In pratica ci vorrebbero 67 anni e 3 mesi di età (oltre che 20 anni di contributi) per andare in pensione di vecchiaia dal 2027 e 67 anni e 5 mesi dal 2029. E 43 anni e un mese di contributi (indipendentemente dall’età) per andare in pensione anticipata (un anno in meno per le donne) dal 2027 e 43 anni e 3 mesi dal 2029 (un anno in meno per le lavoratrici). Il governo, accusa la Cgil, avrebbe tenuto nascosta la notizia, con l’Inps che si sarebbe portata avanti pur in mancanza del decreto ministeriale richiesto dalla legge.
L’istituto di previdenza guidato da Gabriele Fava ha replicato alla Cgil con una smentita laconica e inefficace: «L’Inps smentisce l’applicazione di nuovi requisiti pensionistici. L’Istituto garantisce che le certificazioni saranno redatte in base alle tabelle attualmente pubblicate». Inefficace perché subito dopo è stato il sottosegretario al Lavoro e vicesegretario della Lega, Claudio Durigon, a intervenire prendendosela proprio con l’Inps: «L’aumento dei requisiti per andare in pensione fatto trapelare in maniera impropria e avventata dall’Inps non ci sarà. Nel momento in cui si registrasse un aumento effettivo dell’aspettativa di vita, come Lega faremo di tutto per scongiurare questa ipotesi».
In realtà, l’ipotesi è concreta. Visto che l’aumento di tre mesi dei requisiti dal 2027 era stato anticipato lo scorso ottobre dal presidente dell’Istat, Francesco Maria Chelli, in un’audizione alle commissioni di Camera e Senato. E anche la Ragioneria generale dello Stato, nel suo ultimo rapporto sulle tendenze della spesa previdenziale, avvertiva che «l’incremento della speranza di vita per l’anno 2023 è risultato superiore alle previsioni», concludendo che, se il maggior aumento fosse confermato a consuntivo dall’Istat, «l’adeguamento previsto con decorrenza 2027 risulterebbe di tre mesi» e di altrettanto dal 2029.
Insomma, nonostante il clamore e il probabile pasticcio fatto dall’Inps l’aumento dei requisiti appare inevitabile a meno di una decisione contraria del governo, come quella presa con la manovra 2019 dal governo Conte 1 che bloccò fino al 31 dicembre 2026 gli adeguamenti biennali del requisito per la pensione anticipata.

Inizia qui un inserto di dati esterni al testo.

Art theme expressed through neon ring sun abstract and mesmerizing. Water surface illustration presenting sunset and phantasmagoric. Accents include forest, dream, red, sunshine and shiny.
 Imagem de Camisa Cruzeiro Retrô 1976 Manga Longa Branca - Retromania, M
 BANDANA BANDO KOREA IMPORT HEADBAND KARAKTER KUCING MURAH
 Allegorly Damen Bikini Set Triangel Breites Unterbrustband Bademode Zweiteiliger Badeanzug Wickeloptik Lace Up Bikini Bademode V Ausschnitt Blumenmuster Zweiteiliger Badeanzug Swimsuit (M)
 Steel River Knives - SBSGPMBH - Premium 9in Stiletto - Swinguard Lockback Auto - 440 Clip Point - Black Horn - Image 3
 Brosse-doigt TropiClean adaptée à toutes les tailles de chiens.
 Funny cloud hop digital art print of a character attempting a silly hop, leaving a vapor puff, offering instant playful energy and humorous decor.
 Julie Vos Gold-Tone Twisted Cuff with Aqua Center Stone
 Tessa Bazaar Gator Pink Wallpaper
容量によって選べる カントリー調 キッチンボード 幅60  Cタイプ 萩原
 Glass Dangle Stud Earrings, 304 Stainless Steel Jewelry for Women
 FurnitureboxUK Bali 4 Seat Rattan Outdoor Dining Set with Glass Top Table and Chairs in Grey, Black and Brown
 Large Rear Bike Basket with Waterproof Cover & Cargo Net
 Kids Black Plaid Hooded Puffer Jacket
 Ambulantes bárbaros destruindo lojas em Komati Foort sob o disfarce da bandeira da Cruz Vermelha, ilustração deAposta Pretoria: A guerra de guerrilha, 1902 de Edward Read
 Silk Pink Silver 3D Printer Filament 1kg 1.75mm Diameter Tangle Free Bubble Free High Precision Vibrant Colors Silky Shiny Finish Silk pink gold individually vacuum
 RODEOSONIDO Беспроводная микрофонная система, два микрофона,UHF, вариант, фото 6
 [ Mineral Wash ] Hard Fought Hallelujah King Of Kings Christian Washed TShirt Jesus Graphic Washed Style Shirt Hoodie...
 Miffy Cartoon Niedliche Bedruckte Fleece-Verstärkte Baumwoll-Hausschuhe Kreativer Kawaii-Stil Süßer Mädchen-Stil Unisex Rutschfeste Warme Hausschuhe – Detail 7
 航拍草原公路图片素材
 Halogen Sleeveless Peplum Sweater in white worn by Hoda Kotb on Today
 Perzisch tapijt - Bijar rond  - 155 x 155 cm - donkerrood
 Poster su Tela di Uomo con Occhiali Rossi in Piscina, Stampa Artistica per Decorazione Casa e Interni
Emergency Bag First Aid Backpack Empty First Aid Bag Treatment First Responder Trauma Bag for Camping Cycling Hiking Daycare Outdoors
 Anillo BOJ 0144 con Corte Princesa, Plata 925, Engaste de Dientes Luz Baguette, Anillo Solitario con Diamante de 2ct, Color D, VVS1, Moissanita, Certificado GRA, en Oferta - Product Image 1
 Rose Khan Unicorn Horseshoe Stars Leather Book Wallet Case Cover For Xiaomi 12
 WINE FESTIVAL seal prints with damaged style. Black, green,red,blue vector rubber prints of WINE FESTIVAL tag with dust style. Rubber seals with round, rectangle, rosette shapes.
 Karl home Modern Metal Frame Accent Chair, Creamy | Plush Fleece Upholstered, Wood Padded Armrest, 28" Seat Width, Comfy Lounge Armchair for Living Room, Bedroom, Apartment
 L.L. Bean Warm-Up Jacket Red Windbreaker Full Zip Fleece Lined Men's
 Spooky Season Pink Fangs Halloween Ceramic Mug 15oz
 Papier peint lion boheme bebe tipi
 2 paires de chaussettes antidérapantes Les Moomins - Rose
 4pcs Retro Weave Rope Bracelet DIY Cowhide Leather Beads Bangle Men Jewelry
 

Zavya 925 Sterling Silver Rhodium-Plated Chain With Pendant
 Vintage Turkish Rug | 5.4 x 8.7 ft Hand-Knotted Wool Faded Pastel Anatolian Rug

La classe più penalizzata sarebbe quella dei nati nel 1960, già rimasti fuori da Quota 100. Ma c’è anche il rischio di creare nuovi «esodati», dice la Cgil: in particolare i lavoratori che hanno aderito a piani di isopensione o scivoli di accompagnamento alla pensione, che potrebbero trovarsi per alcuni mesi senza tutele.